> [DIRECTIONS]: Each line, starting at the one with "We've got a" and running to the end of the data below, is to be set down again exactly, both ends included; leave pictures out.

•••••

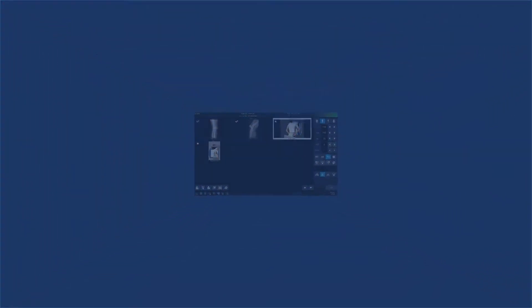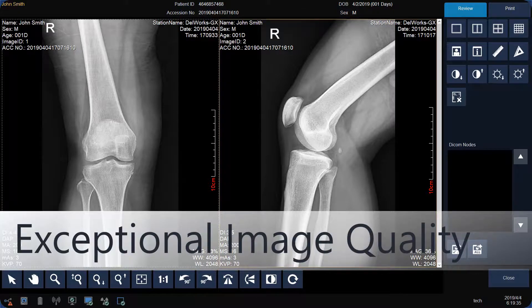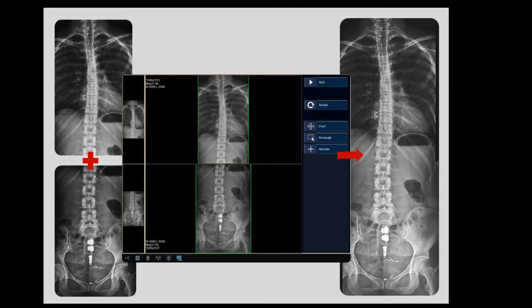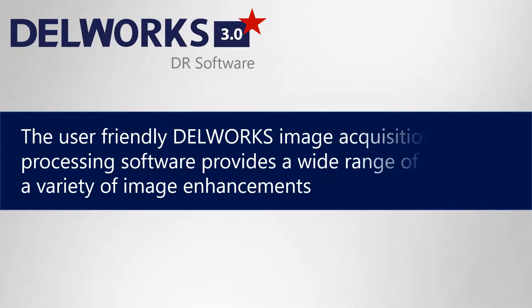It provides outstanding image quality requiring little to no technologist intervention. Advanced options such as image stitching combine multiple images into one, easily and accurately. DellWorks provides a wide range of imaging tools for a variety of image enhancements.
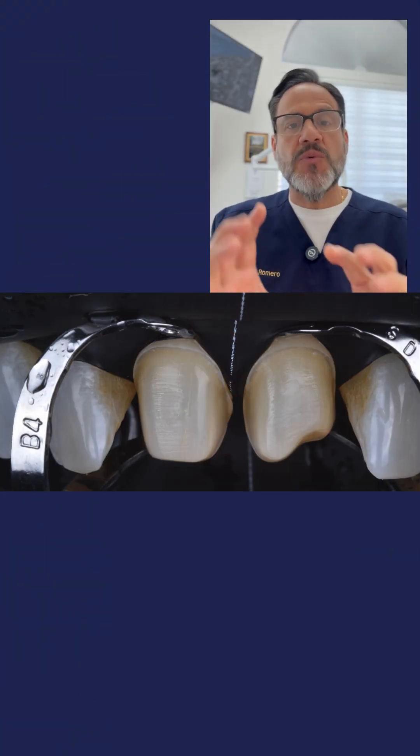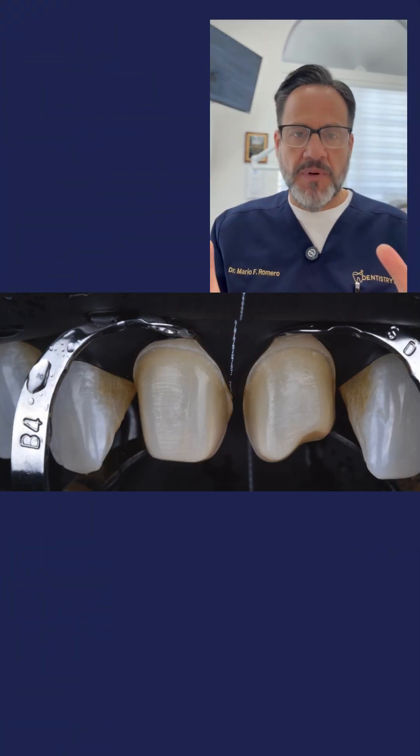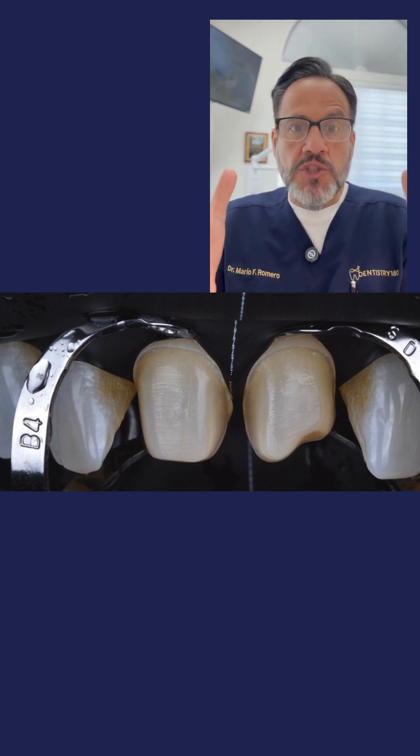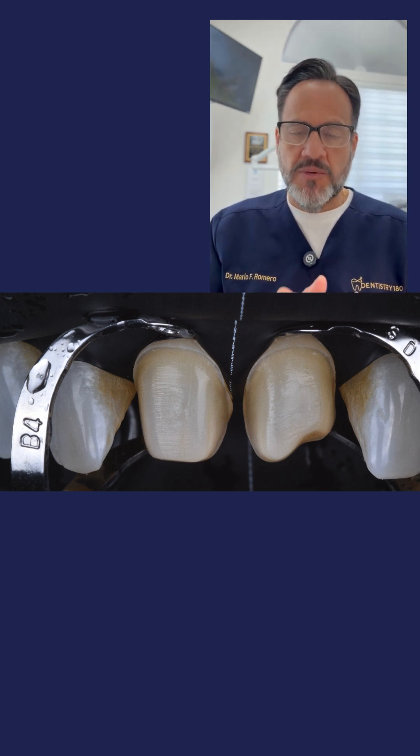Is rubber dam really the best? To answer this question, let's jump into photo number one. In photo number one, I've already isolated these two beautiful perforations on teeth eight and nine, where I'm going to be able to deliver, under a very well-controlled environment, two ceramic restorations.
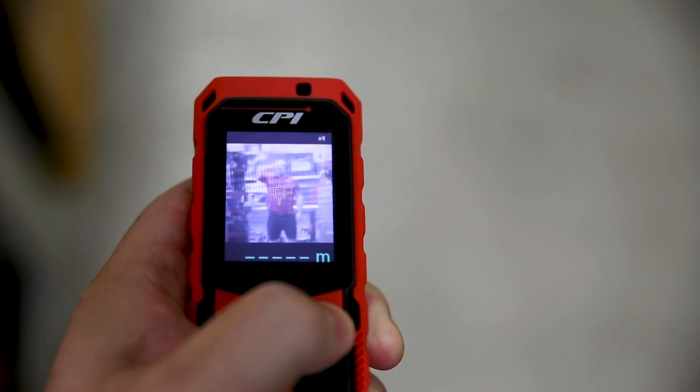The camera point finder shows you exactly what you're pointing at on the screen, and it's got a 4x zoom for longer ranges.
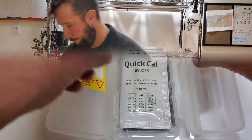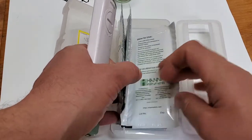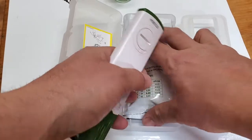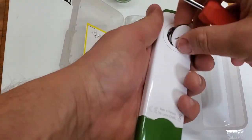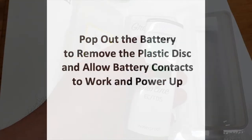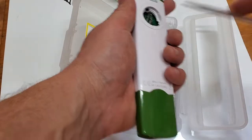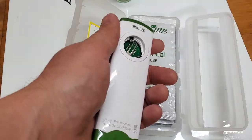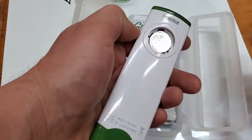We've got a battery warning indicator, a quick cal solution, a couple of those, and some cleaning solution — actually just a bunch of quick cal. Open it up. You've got to pop the battery out first to get the little battery protector out of there, then pop it back in.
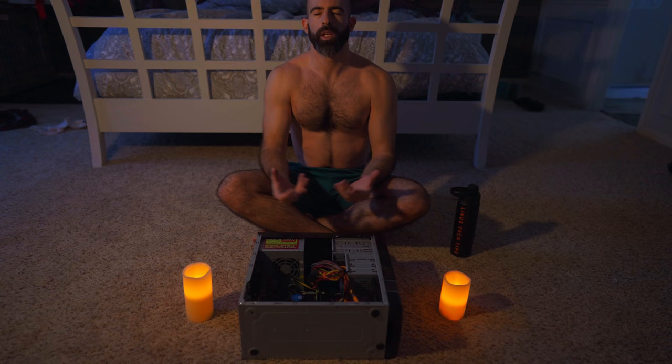Step one of setting up a home server is to determine what you're going to use it for. Is this going to be a NAS device? Is it going to be used for Plex? Is it a file server? Is it a sacrifice to the tech gods? Is it all of the above? Or maybe you just don't know yet and you just want a home server to play around with — and that is okay too.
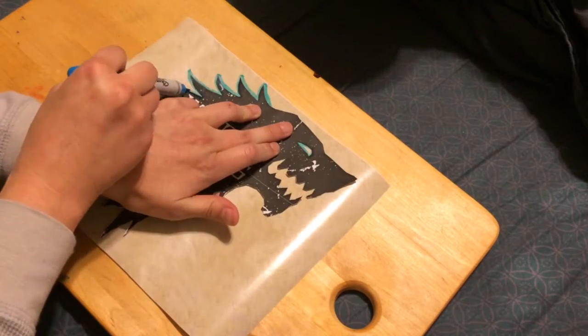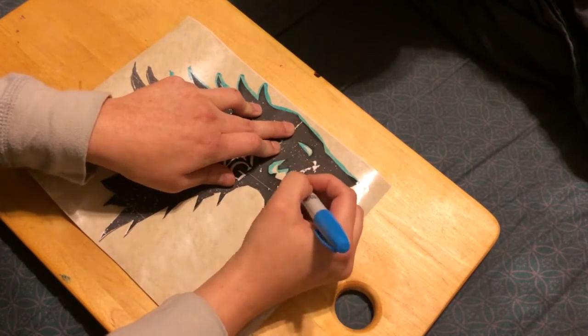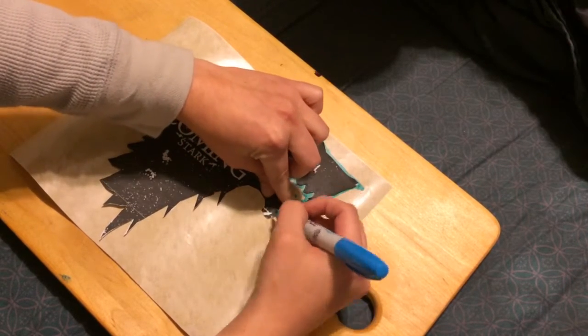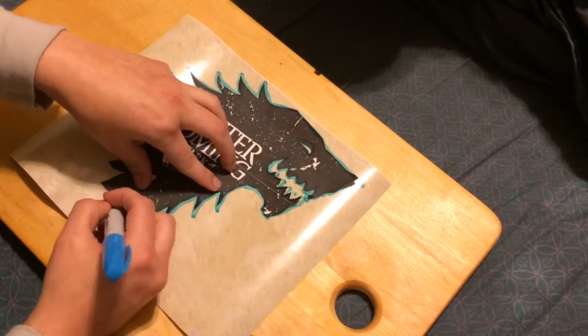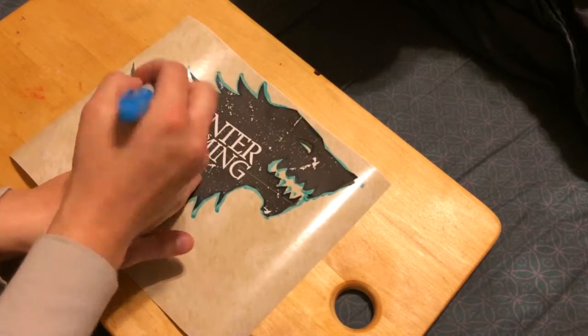So this is a straightforward project. All you need is a t-shirt and apparently preferably some cardboard. I use contact paper and a simple design. Cut out your design on either the cardboard or contact paper.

•••••

> [TASK RESULT]:
We've got a battery warning indicator, a quick cal solution, a couple of those, and some cleaning solution — actually just a bunch of quick cal. Open it up. You've got to pop the battery out first to get the little battery protector out of there, then pop it back in.
Step one of setting up a home server is to determine what you're going to use it for. Is this going to be a NAS device? Is it going to be used for Plex? Is it a file server? Is it a sacrifice to the tech gods? Is it all of the above? Or maybe you just don't know yet and you just want a home server to play around with — and that is okay too.
So this is a straightforward project. All you need is a t-shirt and apparently preferably some cardboard. I use contact paper and a simple design. Cut out your design on either the cardboard or contact paper.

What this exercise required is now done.